Foresight Playback: Cyclic Models in Foresight Research

Peter Jones Cultural innovation, Innovation, Strategic Foresight

In a series of posts here, I’m continuing to discuss our Strategic Foresight & Innovation research after student graduation.

Neal Halvorsen completed his MRP Foresight Playback (Mapping the Future of Industrial Regions by Learning from Historical Cycles of Innovation) after conducting field research in my hometown of Dayton, Ohio. Dayton is almost 500 miles south of Toronto, following the 401 to I-75 South to  Detroit, Toledo, Lima, and then Dayton (a string of cities connected on I-75 to the auto industry).

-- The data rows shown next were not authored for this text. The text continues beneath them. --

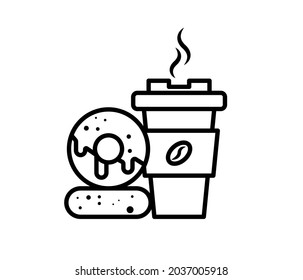 Donut and coffee on white background. Vector Illustration.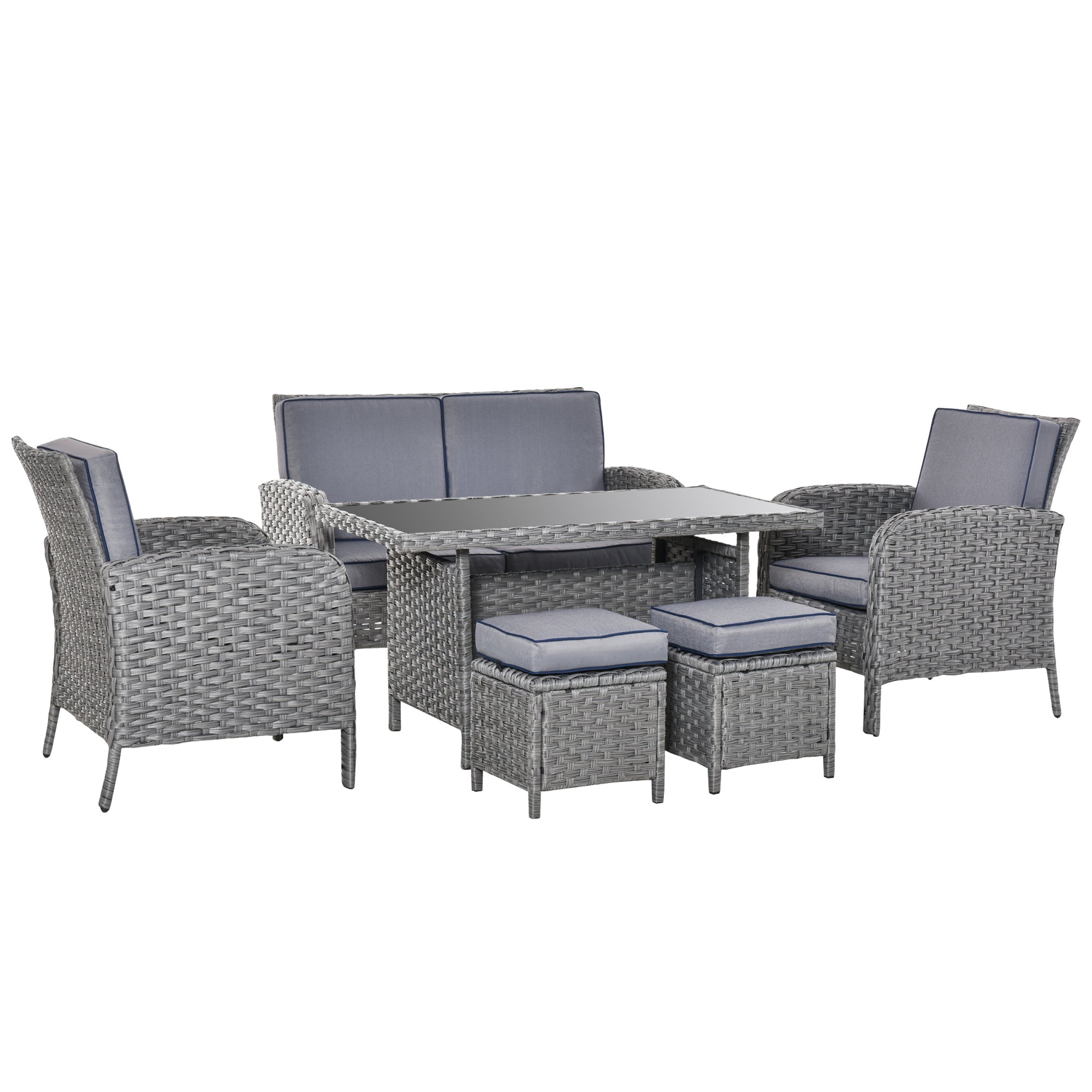 Outsunny Conjunto de Muebles de Jardín 6 Piezas de Ratán con Mesa de Centro Sofá Doble 2 Sillones Individuales 2 Taburetes con Cojines para Patio Porche Terraza Gris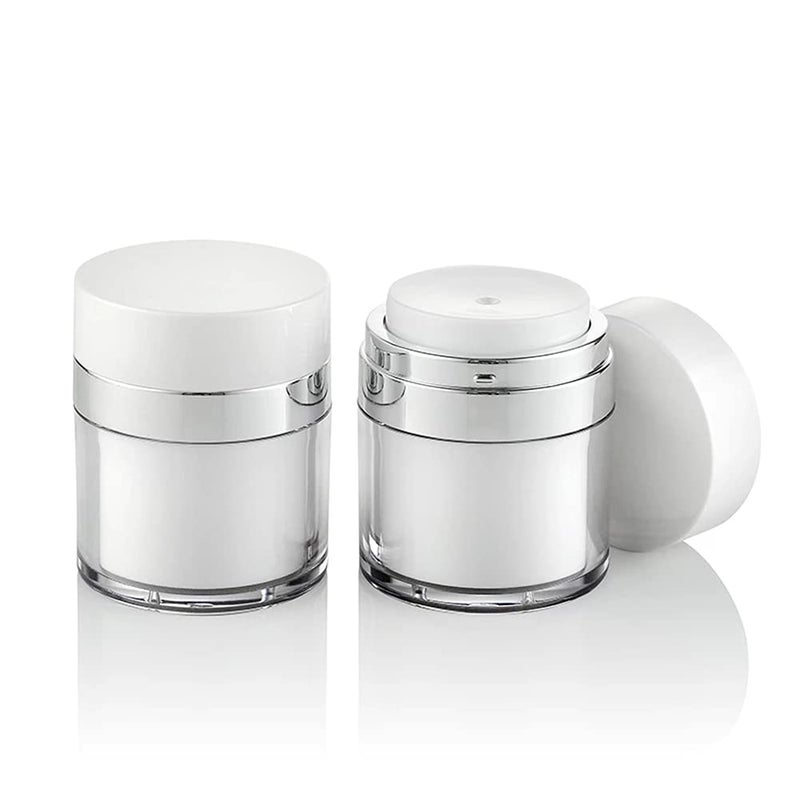 Furnido 2 Pack 1.7 oz Refillable Airless Pump Jars With Lid, Empty Acrylic Makeup Cosmetic Containers for Thick Moisturizer, Travel Lotion, Skincare, Cream,White - Image 1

Neal’s MRP on learning from historical cycles of innovation is at: Notably he draws on the mix of cyclic anticipatory models “Kondratieff, Schumpeter, Elliot waves and the Fourth Turning generational cycles are brought together to show how cycles of innovation and decline can be mapped over long periods, adding to the insights that other foresight methodologies can bring to cluster planning.” Uniquely. He integrates these to synthesize their complementary relationships over time, to examine historical patterns into contemporary era, and to suggest this model as a long-horizon planning system for innovation cluster foresight, strategic formation, and investment.

Neal’s Medium article:  Carving out a New Destiny: Dayton’s bid to lift itself up Neal wrote a Medium piece about his study and its continuing meaning in the context of Dayton’s visible references in US news: 1) The devastating weather event of seven F4 tornadoes on May 31, the mass shooting event in Dayton’s Oregon historic district by a deranged Bellbrook kid last August, and then the release of the PBS/Netflix film by old Dayton friends, called American Factory. All of these events last year affected my friends and relatives, to some extent (post-trauma sensitivity to the shooting, friends lost trees and property in the tornadoes). American Factory deals directly with Neal’s study and hypothesis on industrial innovation clusters.

“In February, I traveled from my home town of Toronto to Dayton to engage in field research for my Strategic Foresight and Innovation MDes project on industrial clusters and historical cycles of innovation (complex but involving Kondratieff and Schumpeter waves that look to the past and anticipate the future). Dayton was the U.S. home of my advisor, Dr. Peter Jones, who felt a study excursion to an American city that experienced a dramatic economic rise and fall could offer useful lessons for cluster development. Peter had called Dayton the Silicon valley of the machine age, and I was curious to see if that was supported by history and what it meant for the next post-industrial age ? — an era that promises the fruition of a raft of presently-dormant scientific and digital revolutions, sometimes known as Industry X.O or Industry 4.0.”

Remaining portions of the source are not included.